Comments and critics are welcome.
regards,
---
Alexei V. Vopilov (alx@elnet.msk.ru), +7(095)5367694
Software Architecture&Development Consultant.
---
February 3, 1998
Alexei V. Vopilov
Alx@elnet.msk.ru
The locating an IPsec gateway algorithm
<draft-draft-alx-ipsec-gw-loc.txt>
Abstract
-----------------------------------------
As any sophisticated and fast growing system, Internet
employs various technologies to adopt dynamical changing
of it infrastructure. This makes possible to keep
connectivity at the high level during both usual
expansions of Internet and internal rearrangement of yet
deployed Internet components. In fact, incorporation of a
security in the Internet network layer in most cases
successfully breaks achieved connectivity being sacrificed
for the safety of information exchange. One scalability
problem with IPsec-based communications arises whenever
one networking node delegates to other it network security
functions. As the result, a client system has to figure
out and keep in consistence information about where such
trusted intermediate is located presently and which
credentials are to use at the same moment. Current DNS and
even proposed DNSSEC technologies do not provide required
functionality to solve this task reliably. This document
propose a number of considerations that, if taken into
effect, increase availability of secured resources while
keeping the security level intact.
Discussion
-----------------------------------------
Proposed scheme is based on yet available ISAKAMP
specification. It is not required to change existing
ISAKMP payloads format for supporting basic functions
described herein. However, inventing additional payloads
and exchange types for ISAKMP would provide more usability
for algorithm. In general, this document suggests
methodology that having been implemented in an IPsec
implementation solves the following issues.

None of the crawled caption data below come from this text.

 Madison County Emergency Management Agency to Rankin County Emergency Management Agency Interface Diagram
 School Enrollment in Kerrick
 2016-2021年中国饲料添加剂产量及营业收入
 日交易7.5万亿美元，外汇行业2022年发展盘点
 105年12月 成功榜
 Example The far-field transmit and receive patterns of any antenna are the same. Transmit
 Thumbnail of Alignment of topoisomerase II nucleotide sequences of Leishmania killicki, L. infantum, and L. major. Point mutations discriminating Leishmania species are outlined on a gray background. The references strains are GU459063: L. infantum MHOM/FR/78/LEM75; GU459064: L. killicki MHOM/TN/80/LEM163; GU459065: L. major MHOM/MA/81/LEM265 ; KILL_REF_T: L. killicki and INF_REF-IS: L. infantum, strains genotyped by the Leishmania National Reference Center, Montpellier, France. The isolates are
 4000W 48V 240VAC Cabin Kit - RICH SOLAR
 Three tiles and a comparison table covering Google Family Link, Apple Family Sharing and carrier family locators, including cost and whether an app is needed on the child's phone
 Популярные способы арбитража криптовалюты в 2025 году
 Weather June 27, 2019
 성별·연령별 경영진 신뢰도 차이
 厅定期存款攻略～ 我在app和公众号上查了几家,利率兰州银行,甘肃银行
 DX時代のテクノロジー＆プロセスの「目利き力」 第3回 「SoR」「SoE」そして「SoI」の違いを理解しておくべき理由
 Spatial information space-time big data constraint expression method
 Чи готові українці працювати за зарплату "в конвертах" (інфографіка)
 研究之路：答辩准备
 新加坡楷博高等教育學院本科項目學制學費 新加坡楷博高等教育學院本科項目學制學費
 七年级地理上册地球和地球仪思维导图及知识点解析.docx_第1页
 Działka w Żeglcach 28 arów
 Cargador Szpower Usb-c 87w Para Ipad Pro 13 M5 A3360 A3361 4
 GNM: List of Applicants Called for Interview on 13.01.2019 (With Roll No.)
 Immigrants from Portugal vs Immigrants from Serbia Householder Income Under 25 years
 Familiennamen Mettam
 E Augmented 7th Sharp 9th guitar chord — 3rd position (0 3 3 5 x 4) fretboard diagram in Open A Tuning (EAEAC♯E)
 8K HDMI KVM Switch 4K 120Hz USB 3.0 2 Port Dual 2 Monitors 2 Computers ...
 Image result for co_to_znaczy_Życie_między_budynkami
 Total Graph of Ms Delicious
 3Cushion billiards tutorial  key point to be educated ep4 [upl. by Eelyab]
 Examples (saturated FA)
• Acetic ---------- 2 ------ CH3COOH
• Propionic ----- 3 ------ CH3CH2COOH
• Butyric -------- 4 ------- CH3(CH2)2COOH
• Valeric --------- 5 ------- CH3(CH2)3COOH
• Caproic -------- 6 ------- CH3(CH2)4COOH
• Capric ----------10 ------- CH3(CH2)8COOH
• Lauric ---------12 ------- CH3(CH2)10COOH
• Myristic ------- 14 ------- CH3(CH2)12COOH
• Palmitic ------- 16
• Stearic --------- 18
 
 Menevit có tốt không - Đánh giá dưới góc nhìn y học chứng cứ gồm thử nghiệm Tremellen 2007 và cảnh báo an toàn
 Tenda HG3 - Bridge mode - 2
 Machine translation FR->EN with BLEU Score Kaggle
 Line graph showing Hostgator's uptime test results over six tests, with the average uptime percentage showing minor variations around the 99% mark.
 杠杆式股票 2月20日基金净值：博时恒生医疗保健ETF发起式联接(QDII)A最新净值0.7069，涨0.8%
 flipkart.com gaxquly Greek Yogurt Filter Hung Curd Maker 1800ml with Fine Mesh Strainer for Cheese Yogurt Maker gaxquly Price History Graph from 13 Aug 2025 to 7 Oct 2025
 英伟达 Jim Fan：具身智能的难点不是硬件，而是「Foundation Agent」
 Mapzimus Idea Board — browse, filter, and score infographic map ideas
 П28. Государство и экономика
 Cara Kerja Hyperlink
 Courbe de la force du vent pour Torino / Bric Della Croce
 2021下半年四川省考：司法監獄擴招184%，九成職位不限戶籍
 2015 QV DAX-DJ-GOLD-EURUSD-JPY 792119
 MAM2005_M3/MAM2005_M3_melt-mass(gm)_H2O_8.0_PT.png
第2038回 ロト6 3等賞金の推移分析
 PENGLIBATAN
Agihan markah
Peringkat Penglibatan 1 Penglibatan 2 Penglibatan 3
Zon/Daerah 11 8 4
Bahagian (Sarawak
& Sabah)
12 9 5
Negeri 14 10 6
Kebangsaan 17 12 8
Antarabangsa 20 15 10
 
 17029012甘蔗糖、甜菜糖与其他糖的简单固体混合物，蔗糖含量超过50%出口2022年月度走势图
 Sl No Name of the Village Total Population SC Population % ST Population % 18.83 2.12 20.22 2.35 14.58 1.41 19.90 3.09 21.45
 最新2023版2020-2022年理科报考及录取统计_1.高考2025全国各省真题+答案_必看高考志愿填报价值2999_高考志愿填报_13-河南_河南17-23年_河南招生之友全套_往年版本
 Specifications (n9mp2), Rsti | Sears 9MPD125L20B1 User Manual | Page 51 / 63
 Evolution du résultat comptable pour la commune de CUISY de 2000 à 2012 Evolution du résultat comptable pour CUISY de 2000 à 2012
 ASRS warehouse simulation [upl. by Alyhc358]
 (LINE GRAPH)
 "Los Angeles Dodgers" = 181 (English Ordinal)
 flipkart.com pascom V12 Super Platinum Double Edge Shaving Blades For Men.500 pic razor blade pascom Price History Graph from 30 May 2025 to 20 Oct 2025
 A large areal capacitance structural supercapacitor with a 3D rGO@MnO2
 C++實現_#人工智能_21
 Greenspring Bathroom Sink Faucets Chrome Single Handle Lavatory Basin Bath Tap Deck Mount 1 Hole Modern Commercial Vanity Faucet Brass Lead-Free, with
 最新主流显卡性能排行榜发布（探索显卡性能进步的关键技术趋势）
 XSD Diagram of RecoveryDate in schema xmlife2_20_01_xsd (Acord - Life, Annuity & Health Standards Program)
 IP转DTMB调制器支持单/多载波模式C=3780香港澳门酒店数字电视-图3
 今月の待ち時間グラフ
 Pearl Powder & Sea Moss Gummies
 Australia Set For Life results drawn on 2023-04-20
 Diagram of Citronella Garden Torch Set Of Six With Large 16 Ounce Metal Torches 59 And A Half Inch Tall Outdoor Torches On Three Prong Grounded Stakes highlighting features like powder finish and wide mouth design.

1. The later binding between an IP address of remote
server and such parameters as the address of IPsec
gateway and gateway Key.
2. Discovering, during runtime, secured backup path for
an IPsec client when secured server resources can
be reached via more than one IPsec gateways.
3. Discovering a chain of trusted intermediate gateways
whenever network traffic must be protected by a number
of nested Security Associations.
Core Idea
-----------------------------------------
Suppose that a client IPsec system must protect
communications to some remote server with known IP
address. Assume also that such information as an IPsec
gateway address and probably gateway's Public Key is not
supplied with local policy or those parameters can be
dynamically changed during runtime.
Since current standards require a client system to
establish ISAKMP SA prior negotiating of any application
level SA, let's suggest for client to enter in ISAKMP SA
negotiations.
Here are first two tricks:
1. A client system tries negotiate ISAKMP SA right with
the remote server it needs to get access to.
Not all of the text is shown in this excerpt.